# If you can think of the most messed up, creepiest creature possible, I'll draw it



## Casey Fluffbat (Jul 4, 2016)

Or at least attempt to, depending if you make it absurdly complicated to the point where I can't figure out how to piece it together sensibly.

I will pick one suggestion, possibly two if I feel generous. [ EDIT: Will do another ]

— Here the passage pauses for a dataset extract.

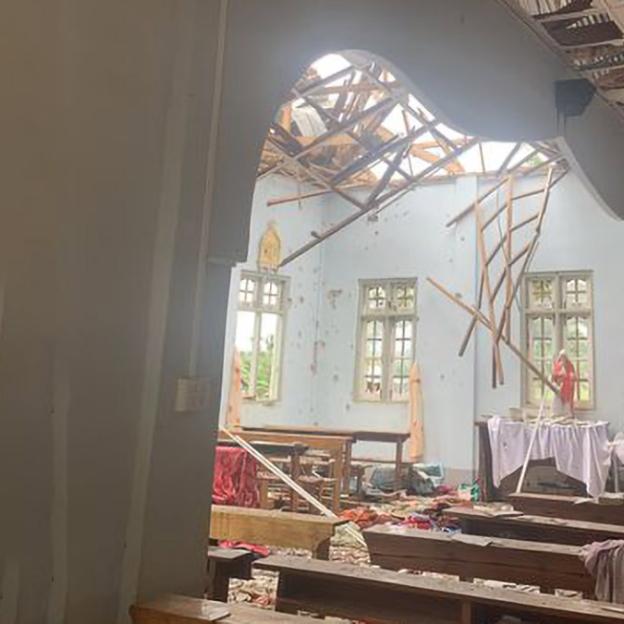 Foto einer zerstörten Kirche im Bistum Loikaw/Myanmar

Also, if it's nsfw, I'll ignore you. No hard feelings.


----------



## Hair_Everywhere (Jul 4, 2016)

Can you draw a harvestman?


----------



## Sergei Nóhomo (Jul 4, 2016)

You want something really hideous? Check this out:


Spoiler



UR MOM


----------



## RinkuTheRuffian (Jul 4, 2016)

Draw a mangy wolf coughing up a slimy fetus creature like the thing from P.T.


----------



## PlusThirtyOne (Jul 4, 2016)

> the most messed up, creepiest creature possible



Draw a furry.

No. *NOT* some person's fursona...​
...i mean an actual furry.​


----------



## Casey Fluffbat (Jul 4, 2016)

Hair_Everywhere said:


> Can you draw a harvestman?


Well, you'll have to be a bit more creative than that. That's a real arthropod, but nothing additional.



Sergei Nóhomo said:


> You want something really hideous? Check this out:
> 
> 
> Spoiler
> ...



HUEHUEHUEHUHUHU funny




RinkuTheRuffian said:


> Draw a mangy wolf coughing up a slimy fetus creature like the thing from P.T.



No, I mean a creature.


----------



## Sergei Nóhomo (Jul 4, 2016)

MadKiyo said:


> HUEHUEHUEHUHUHU funny



Well I thought it was


----------



## RinkuTheRuffian (Jul 4, 2016)

Sergei Nóhomo said:


> Well I thought it was


I laughed harder than I should have, at least there's that.


MadKiyo said:


> No, I mean a creature.


I gave you the most abstract piece of spook my stupid mind can handle, what more do you need?


----------



## Casey Fluffbat (Jul 4, 2016)

I thought this thread was pretty straight forward, but no, I guess I'll have to get sergeant Hartman in here. We've got private jokers.


----------



## RinkuTheRuffian (Jul 4, 2016)

MadKiyo said:


> I thought this thread was pretty straight forward, but no, I guess I'll have to get sergeant Hartman in here. We've got private jokers.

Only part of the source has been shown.